Бойня титанов - Хейли Гай. Страница 69
— Что же это за политика, мой господин, что ведет к массовой гибели? Я считал это предательством.
— Так оно и было, — ответил Сангвиний, предпочитая не обращать внимания на вызывающий тон Ралдорона. — Хотя это политика богов, но все равно политика. Владыка Дорн был прав, послав сюда огромное количество титанов. Представь себе подобную бойню на Терре. Пусть уж лучше они сражаются и погибают здесь, чем перед стенами Дворца. Если вся Коллегия Титаника начнет выяснять отношения на виду у моего отца, там мало что останется.
— Эти машины всегда были чрезмерно мощными. Как вы допустили концентрацию такого могущества в руках Механикума?
— Политика, — печально ответил Сангвиний. — Вы космодесантники. Вы убийцы людей, они крушители миров. Каждому свое. — Он помолчал. — Но ты считаешь их недисциплинированными и думаешь, что использовать их можно было бы более эффективно.

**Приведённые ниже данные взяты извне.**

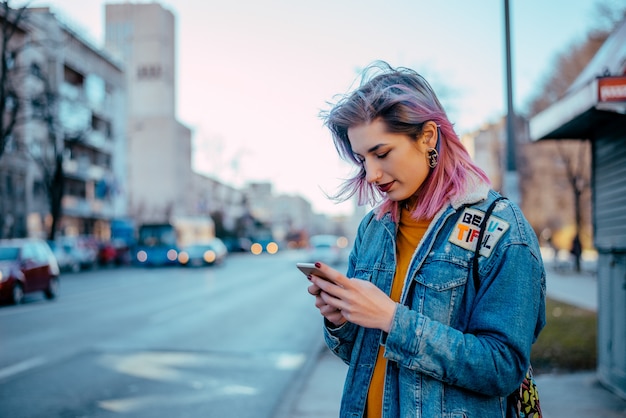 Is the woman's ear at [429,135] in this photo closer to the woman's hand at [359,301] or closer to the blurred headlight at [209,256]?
the woman's hand at [359,301]

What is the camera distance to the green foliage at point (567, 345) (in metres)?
8.10

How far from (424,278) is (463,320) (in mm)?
163

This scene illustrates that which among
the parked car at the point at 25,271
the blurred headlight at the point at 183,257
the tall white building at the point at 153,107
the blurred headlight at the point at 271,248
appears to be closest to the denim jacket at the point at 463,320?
the parked car at the point at 25,271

— Да, мой господин, — признал Ралдорон.
— Так и есть, но не стоит их обвинять. Раздоры между Легио обусловлены их стремлением выжить. У них имеются свои братства и крепкие связи. Они сознают последствия этой битвы и предвидят свое уничтожение. Они, как и мы, не заботятся о своих жизнях. Они верны, достойны и более могущественны, чем большинство людей, какими бы те ни были, но это все же мужчины и женщины, и надо соответственно к ним относиться. Они готовы смириться с собственной гибелью и даже гибелью всего своего рода, но никто не станет добровольно приносить себя в жертву, если прочие останутся целыми и невредимыми. Ни один из них не согласится связать себя обязательствами, если его партнерам будет поручено другое задание. Это сражение имеет колоссальное значение, но грозит вымиранием машин, что подрывает их дисциплину и чувство долга.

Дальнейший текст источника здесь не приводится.